Bevelynn Bravo is a 35-year-old wife and mother of four. She’s lived in the Diamond neighborhoods of San Diego for most of her life. “A few years ago, I was a girl with a chip on her shoulder,” she said. “I didn’t have anything to look forward to. There wasn’t anything around my community, no opportunities at all. Now I can really say I’m a woman with a future.”
This change came through Bravo’s active partnership with the Jacobs Center for Neighborhood Innovation, beginning in 1999, when she took part in a community-wide survey the center conducted to help shape a 10-acre commercial real estate project, Market Creek Plaza, to meet local residents’ needs.

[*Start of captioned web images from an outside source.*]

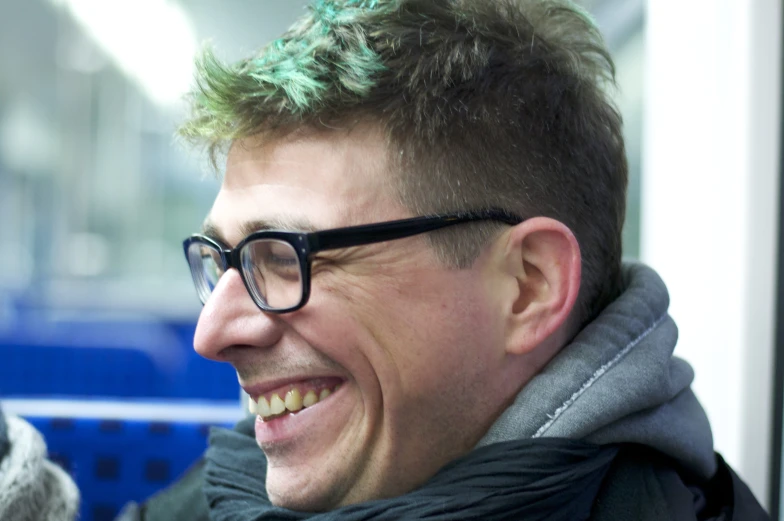 a young man with a green mohawk is sitting down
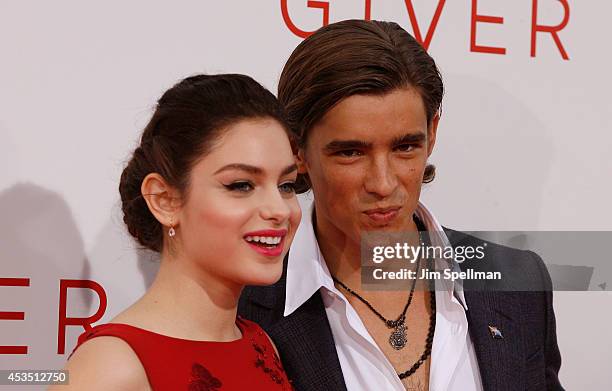 Actors Odeya Rush and Brenton Thwaites attend "The Giver" premiere at Ziegfeld Theater on August 11, 2014 in New York City.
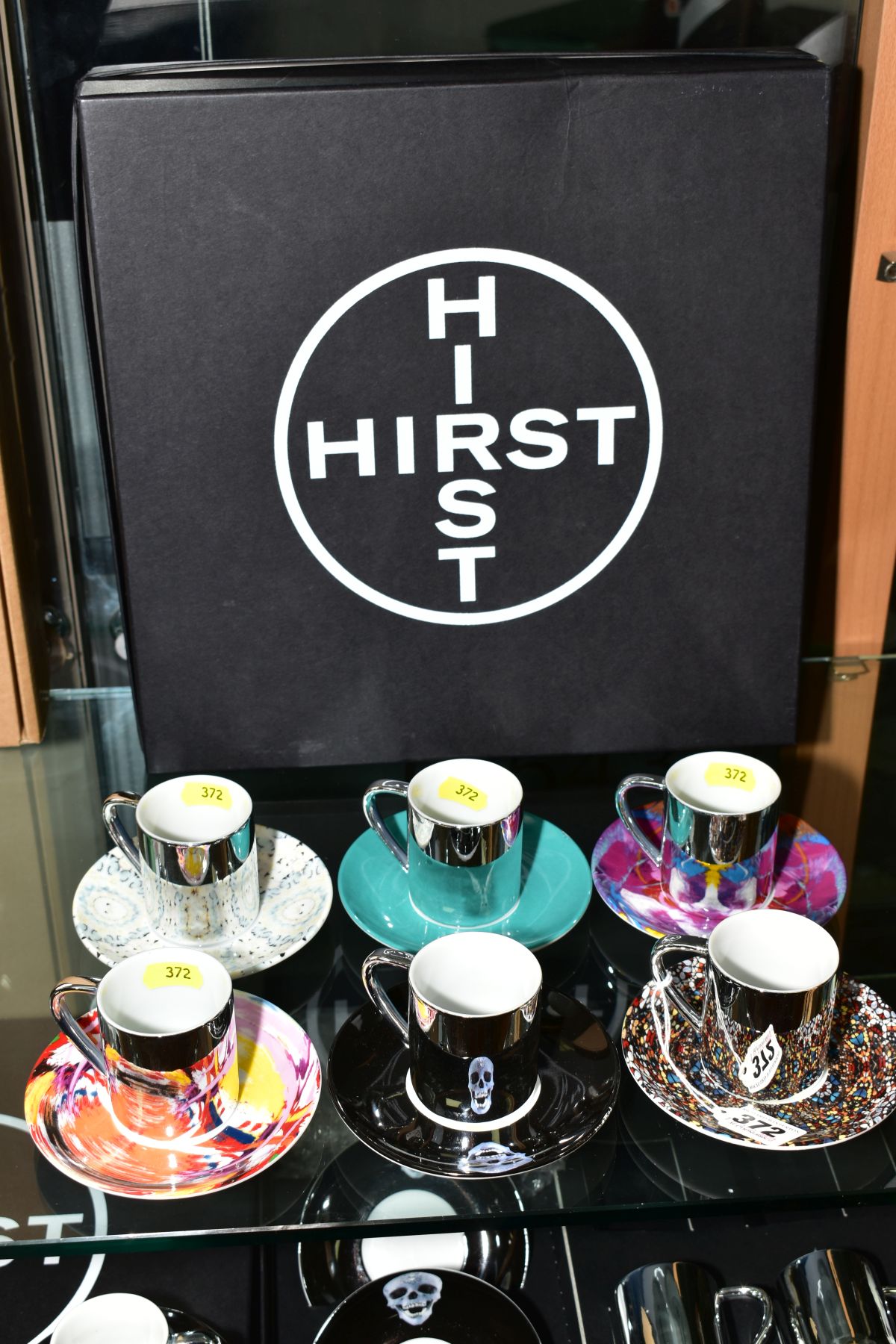 DAMIEN HIRST (BRITISH 1965), A PORCELAIN ESPRESSO SET comprising six different design saucers and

Eventually Bravo joined the Neighborhood Coordinators, a program to help people in the area come together, plan, and collectively take action for their community. She learned how to do house visits and surveys to build relationships with neighbors, received classroom training in facilitation methods and organizing, and made site visits to governmental offices and other community resources. Bravo has been instrumental in projects that include tree plantings, graffiti removal, cultural appreciation events, and petitioning the city to install streetlights or stop signs at dangerous intersections. She also took a stand against gun advertising on billboards in her community.
A team of residents that included Bravo planned a groundbreaking community-development initial public offering that transferred partial ownership of Market Creek Plaza to the community. She was one of 416 local residents who invested.
“It’s something I can leave for my kids,” she said of her investment.
“I used to live day by day,” adds Bravo. “Now I’m back to school. I have hope again. My kids are participating in everything that is going on, and I’m teaching them to value their community.”